Records for this task Block Start

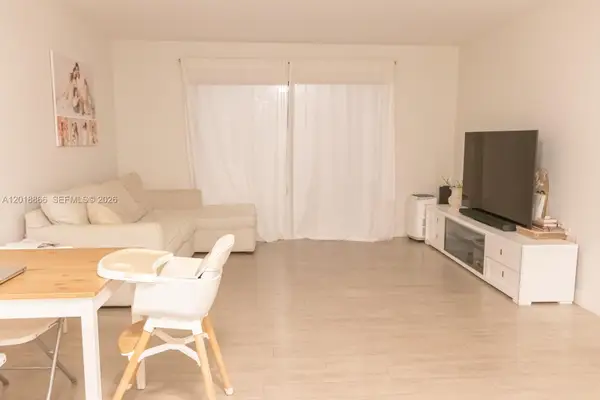 2200 S Cypress Bend Drive #204, Pompano Beach, FL 33069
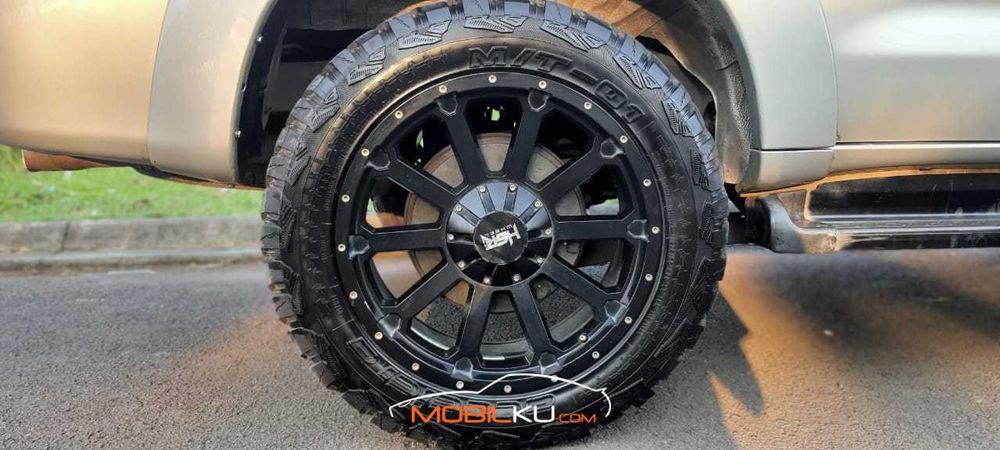 Mobil Toyota Fortuner 2005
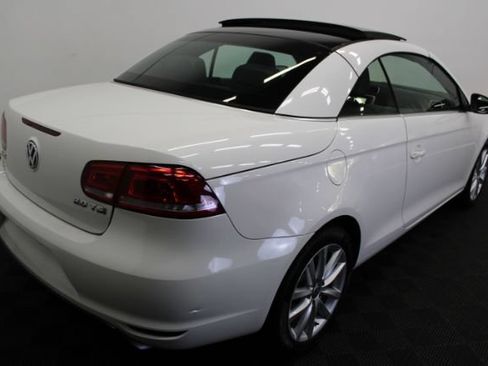 Used 2014 Volkswagen Eos FWD image 20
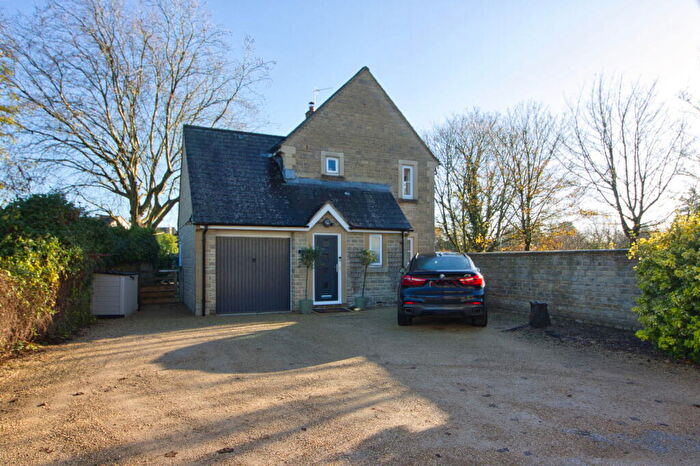 4 Bedroom Detached House For Sale In Westwells Road, Corsham, SN13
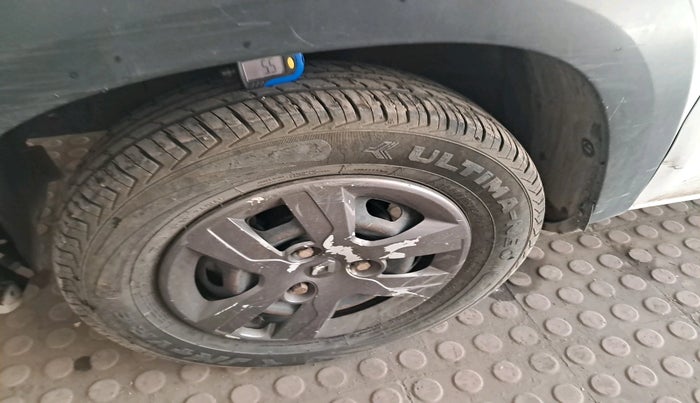 2017 Renault Kwid RXT 1.0, CNG, Manual, 1,02,317 km, tyre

Records for this task Block End

Exercise brief. Retype the data word for word, please, and keep the images out.

Task response.
 2200 S Cypress Bend Drive #204, Pompano Beach, FL 33069
 Mobil Toyota Fortuner 2005
 Used 2014 Volkswagen Eos FWD image 20
 4 Bedroom Detached House For Sale In Westwells Road, Corsham, SN13
 2017 Renault Kwid RXT 1.0, CNG, Manual, 1,02,317 km, tyre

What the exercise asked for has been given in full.